Appreciate What You Have Sometimes the best solutions are the simplest. If you struggle to find time to “do more” and you have fair expectations, consider adopting the easiest strategy: cherish your current relationship. As Alan Kay said, “A change of perspective is worth 80 IQ points.” It’s time to gain wisdom about your love life.
- Be grateful: Improving your relationship could be as simple as expressing gratitude for what you already have. Acknowledge everything that is easy, comfortable, uncomplicated, stable, and predictable in your relationship. We often take these fundamental building blocks for granted, but they are crucial to success. Expressing gratitude for these positive aspects can enhance relationship quality (Algoe et al., 2013).
- Celebrate the positives: Take your appreciation a step further by emphasizing the good parts even more. Researchers call this “capitalization,” which involves savoring good news and positive moments in a relationship to boost individual well-being and self-esteem (Gable & Reis, 2010). Capitalization also increases closeness, satisfaction, intimacy, and commitment in the relationship. Remember, healthy relationships typically have more positives than negatives – just take the time to notice them.

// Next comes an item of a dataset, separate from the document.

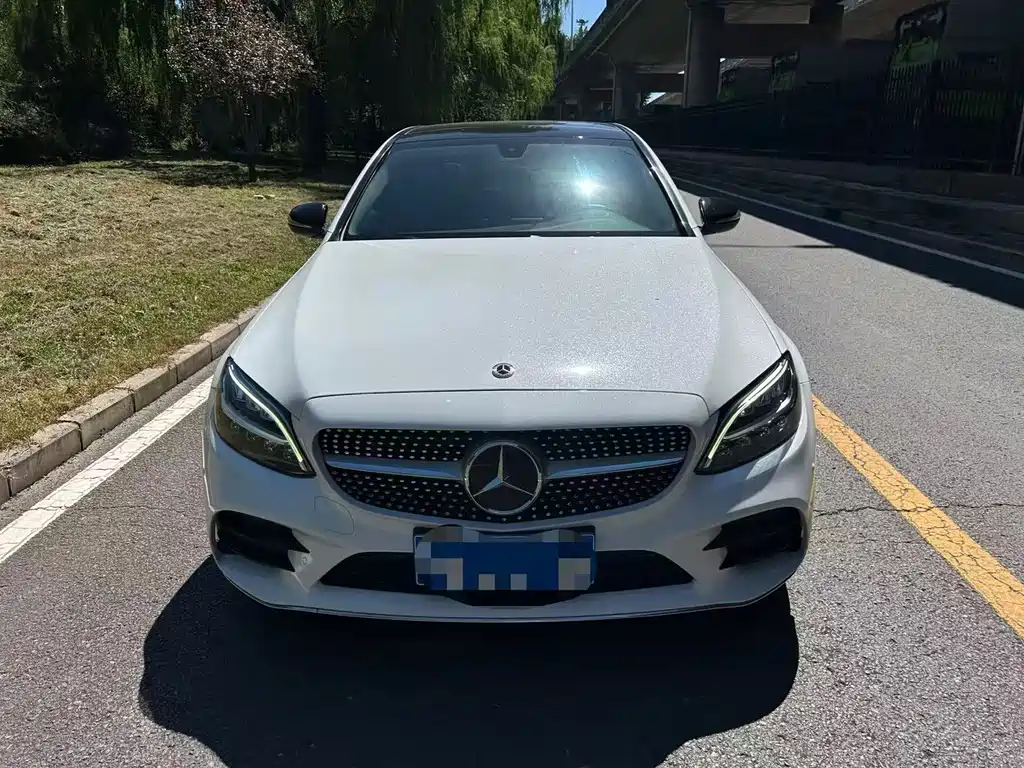 Mercedes-Benz C-Class — миниатюра 2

- Embrace positive illusions: You might worry that your partner and relationship aren’t as great as you perceive them to be. What if you’re wrong or deceiving yourself? Surprisingly, holding positive illusions, or viewing your relationship as better than it is, can actually benefit the relationship (Murray et al., 1996). Our overly generous assessments give our partners a goal to strive for, encouraging self-improvement (e.g., “My partner thinks I’m really wonderful, so I better make sure I am so they’re not disappointed.”), which ultimately benefits the relationship.

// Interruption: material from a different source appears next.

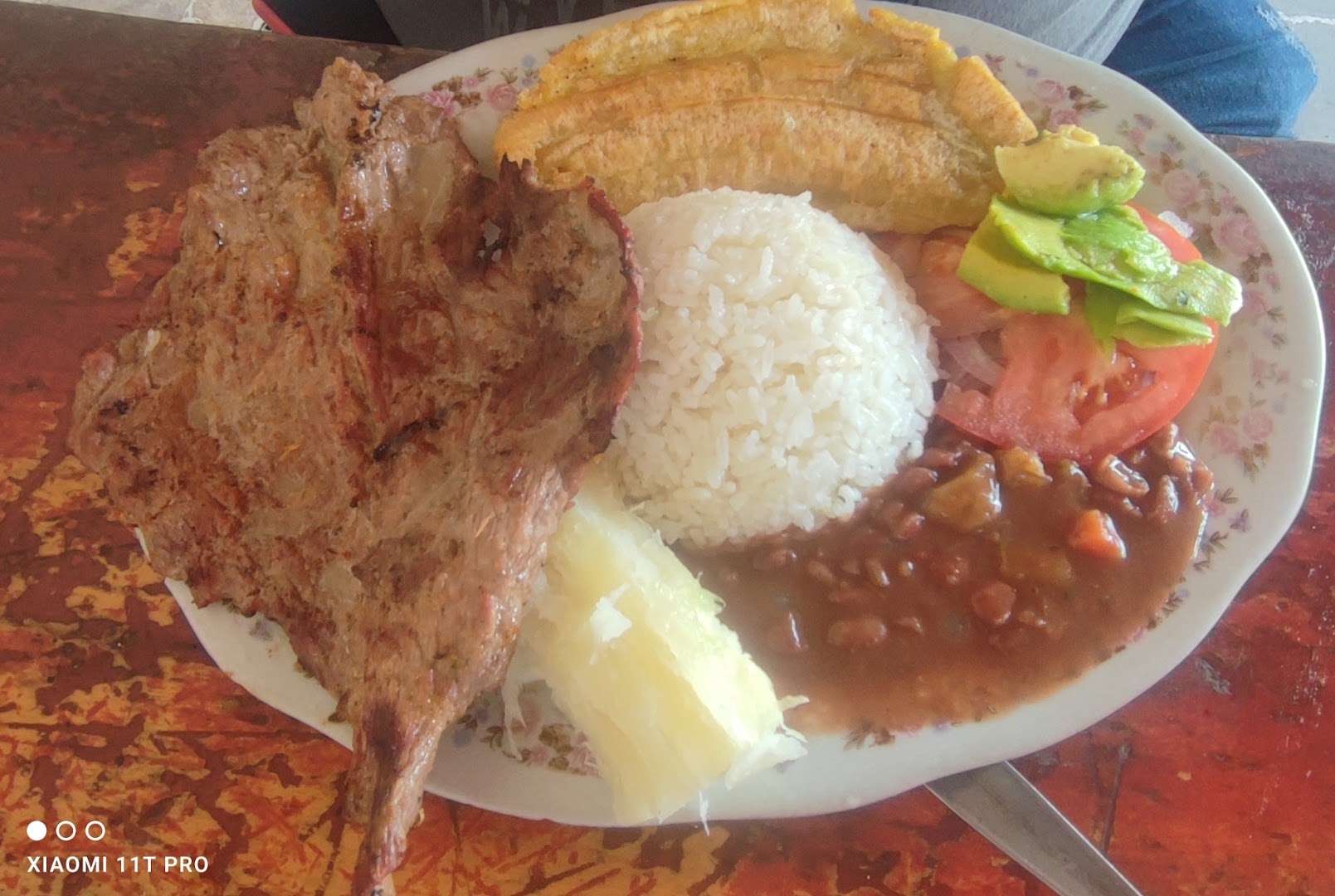 Chuleta con arroz y platano — El Sabór de mi tierra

What’s the Ideal Approach? So, which of these three strategies should you choose? The best one is the one you’re most likely to put into practice. Your personal problem-solving preference will determine the ideal approach.
- If you’re proactive and driven, take initiative.
- Are you somewhat critical, judgmental, or demanding? Lower your expectations.
- If you believe stepping back and reassessing is necessary, focus on appreciating what you have.
Select the strategy that allows you to get started immediately. Once you begin implementing it, you’ll create positive momentum that can be utilized to incorporate other techniques. Feel free to mix and match or stick with the one that works best for you. What truly matters is that you’re actively working to enhance your relationship. Its future is too valuable to do anything less.